◆ **DIRECTIONS**: Repeat everything in the data exactly except images.

◆ **SOURCE DATA**:
══════════════════════════════

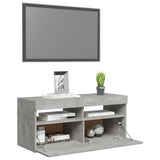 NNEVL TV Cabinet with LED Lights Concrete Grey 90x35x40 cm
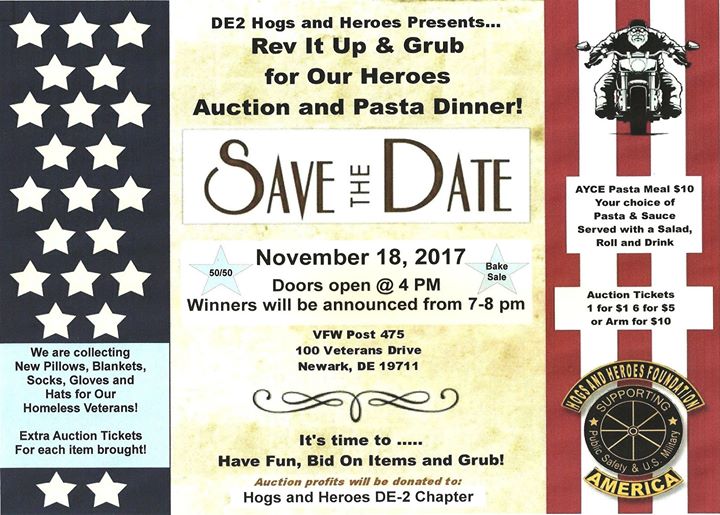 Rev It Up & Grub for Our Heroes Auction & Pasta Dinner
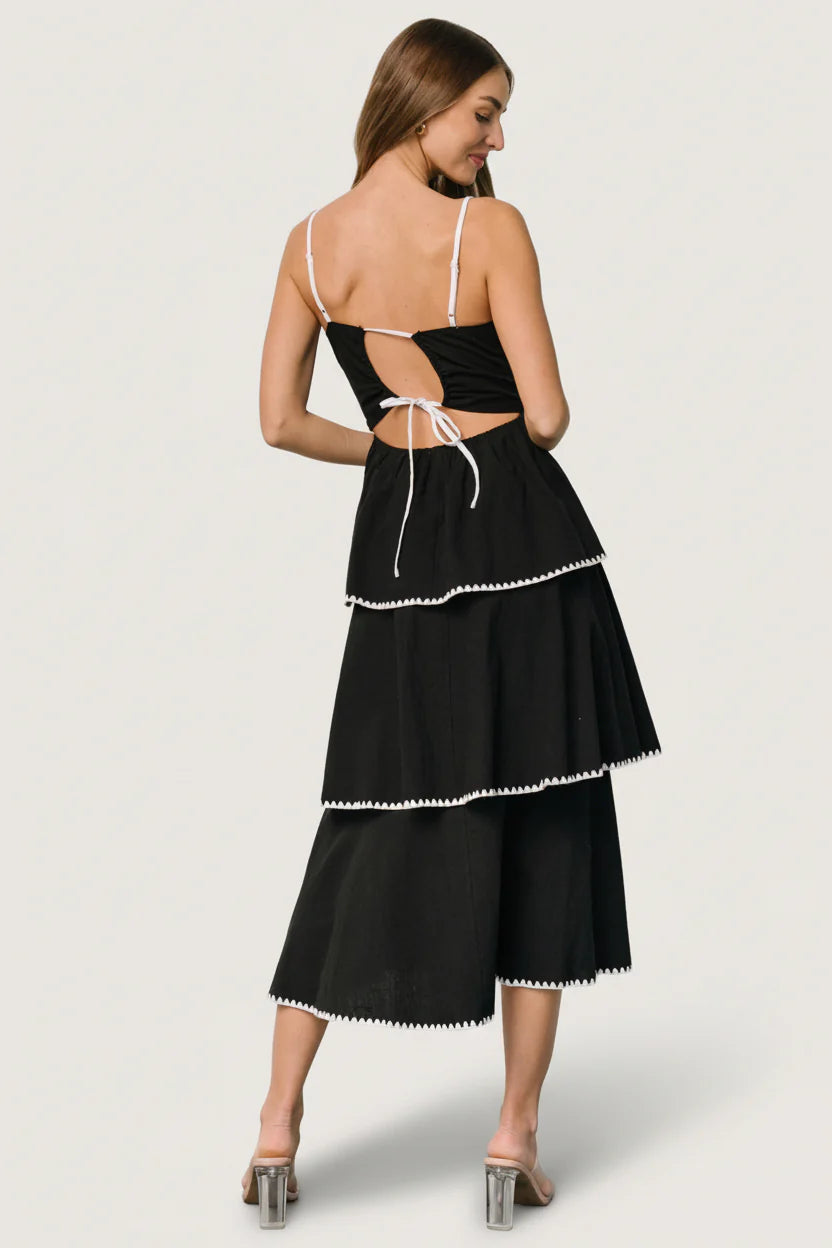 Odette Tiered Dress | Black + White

══════════════════════════════

◆ **RESPONSE TO THIS EXERCISE**:
 NNEVL TV Cabinet with LED Lights Concrete Grey 90x35x40 cm
 Rev It Up & Grub for Our Heroes Auction & Pasta Dinner
 Odette Tiered Dress | Black + White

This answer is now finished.